Write out, word for word, every line in the data below from the one containing "DEAL SUPPLEMENT Vitamin" to the one containing "Olive Leaf Doublet Opal Necklace", both of them included.

SUPPLIED DATA below:

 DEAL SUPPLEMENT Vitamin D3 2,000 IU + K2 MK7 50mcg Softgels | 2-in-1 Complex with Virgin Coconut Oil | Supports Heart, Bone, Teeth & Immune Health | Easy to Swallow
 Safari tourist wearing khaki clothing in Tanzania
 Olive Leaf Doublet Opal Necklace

End of SUPPLIED DATA.
SUPPLIED DATA below:

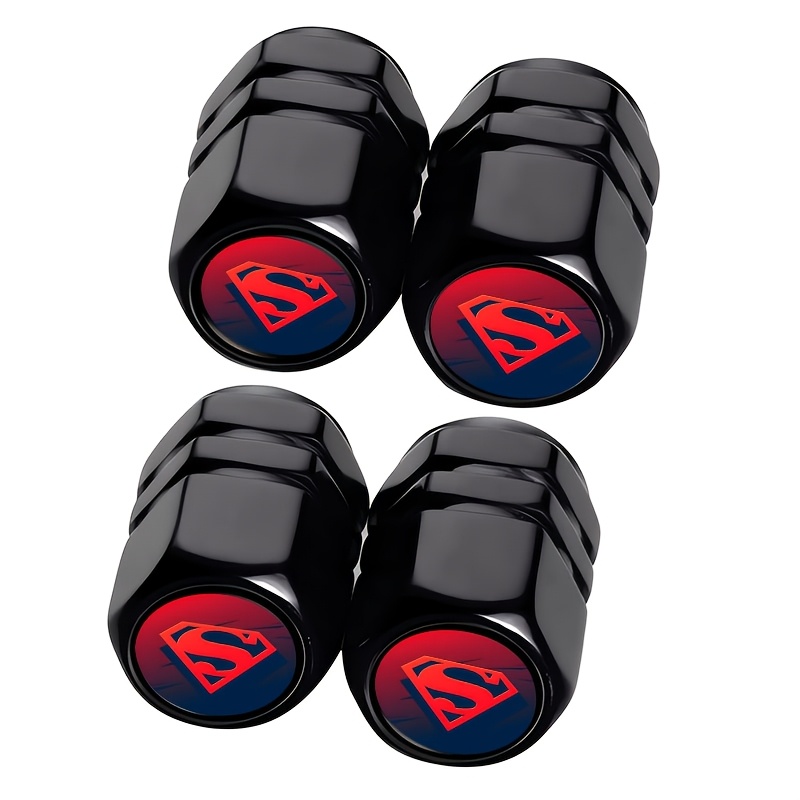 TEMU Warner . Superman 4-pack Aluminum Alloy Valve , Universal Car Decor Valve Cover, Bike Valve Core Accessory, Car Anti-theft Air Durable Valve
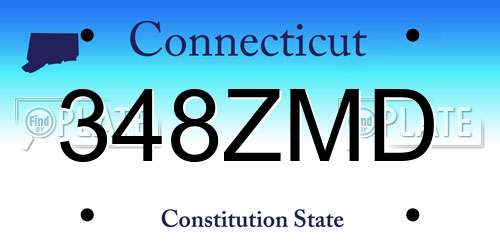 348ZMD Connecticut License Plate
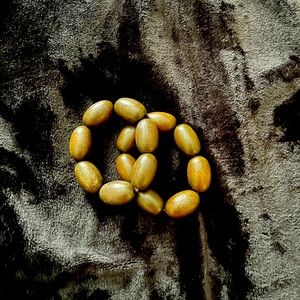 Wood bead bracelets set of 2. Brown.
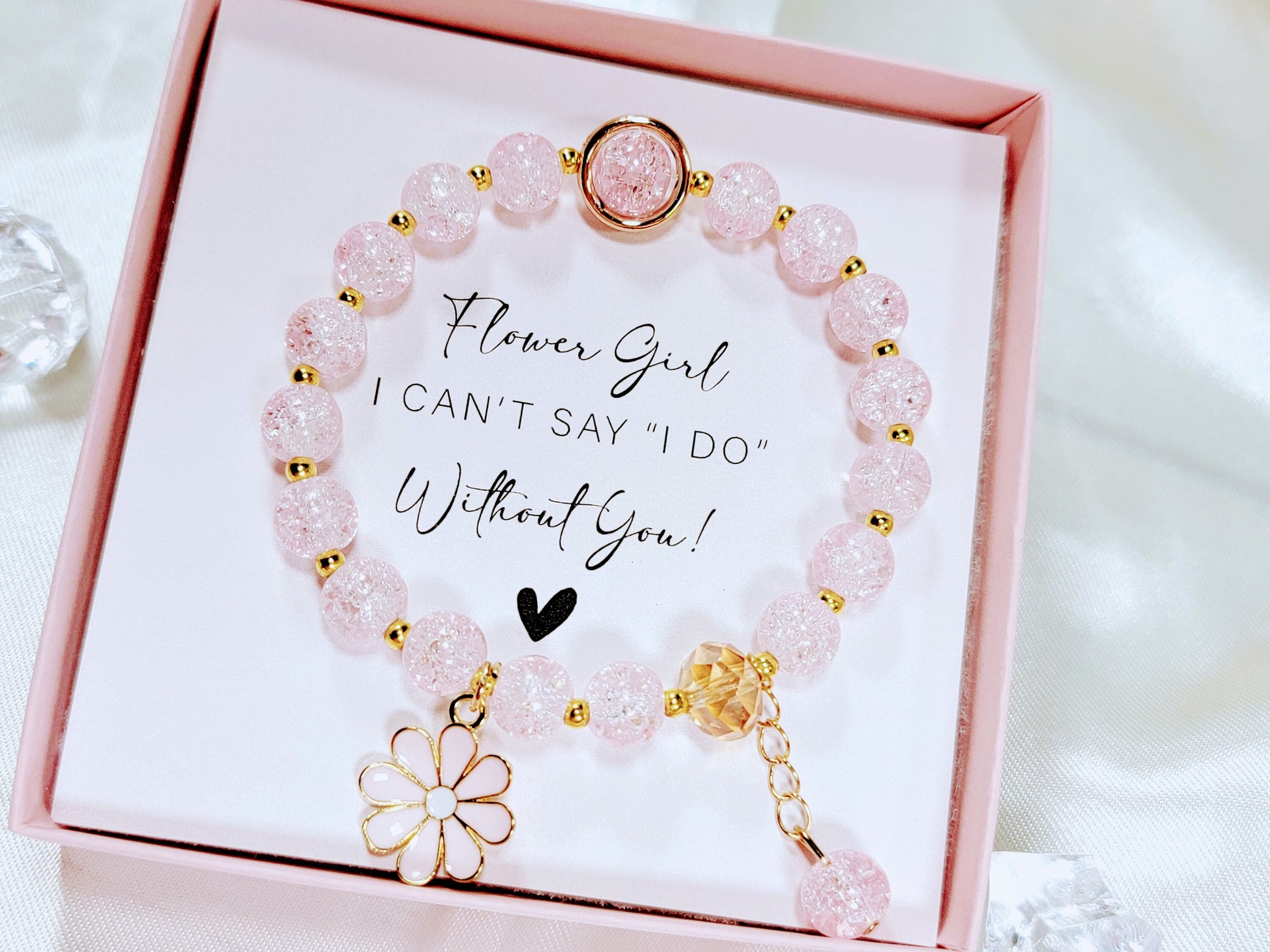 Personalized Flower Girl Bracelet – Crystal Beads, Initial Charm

End of SUPPLIED DATA.
SUPPLIED DATA below:

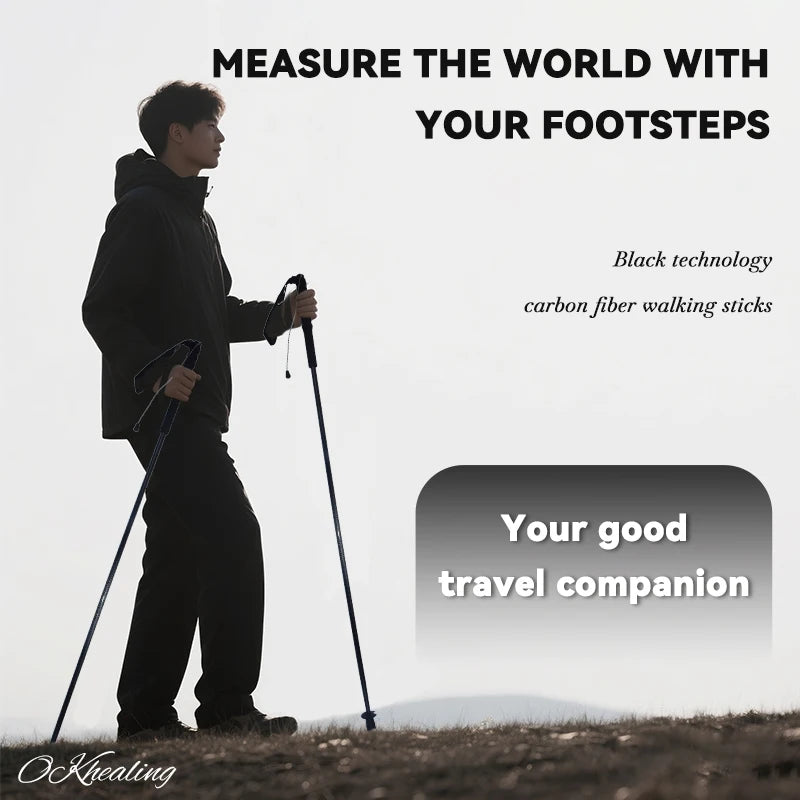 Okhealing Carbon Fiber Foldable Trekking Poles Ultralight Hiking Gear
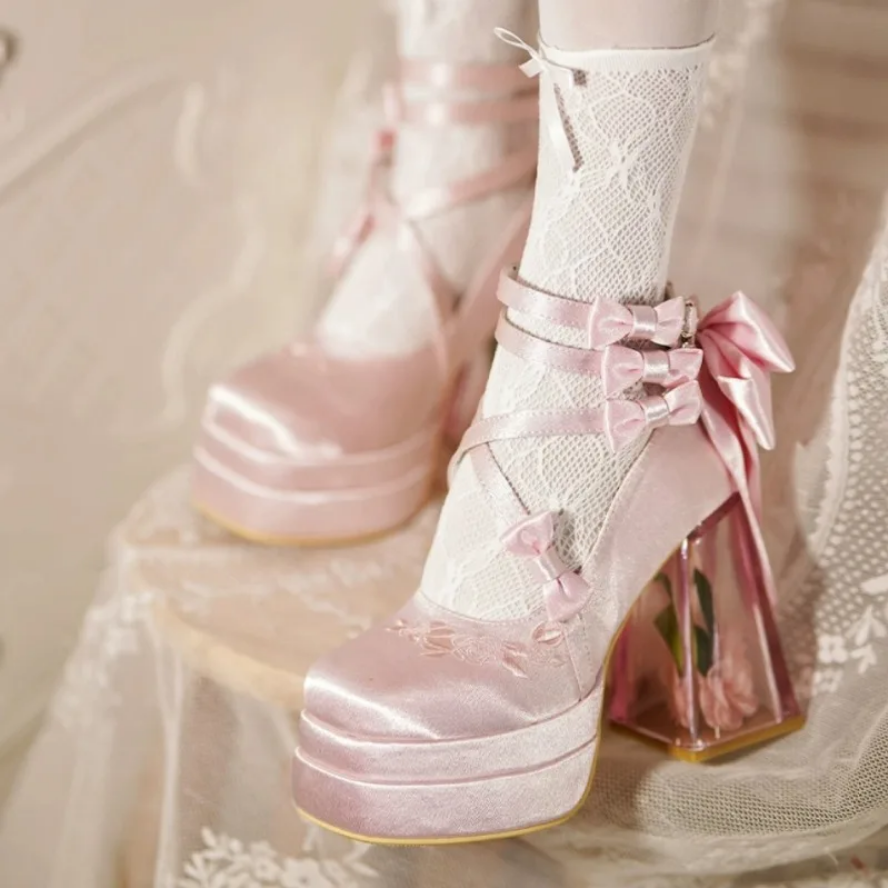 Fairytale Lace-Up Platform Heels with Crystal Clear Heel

End of SUPPLIED DATA.

§ COMPLETED TASK:
 DEAL SUPPLEMENT Vitamin D3 2,000 IU + K2 MK7 50mcg Softgels | 2-in-1 Complex with Virgin Coconut Oil | Supports Heart, Bone, Teeth & Immune Health | Easy to Swallow
 Safari tourist wearing khaki clothing in Tanzania
 Olive Leaf Doublet Opal Necklace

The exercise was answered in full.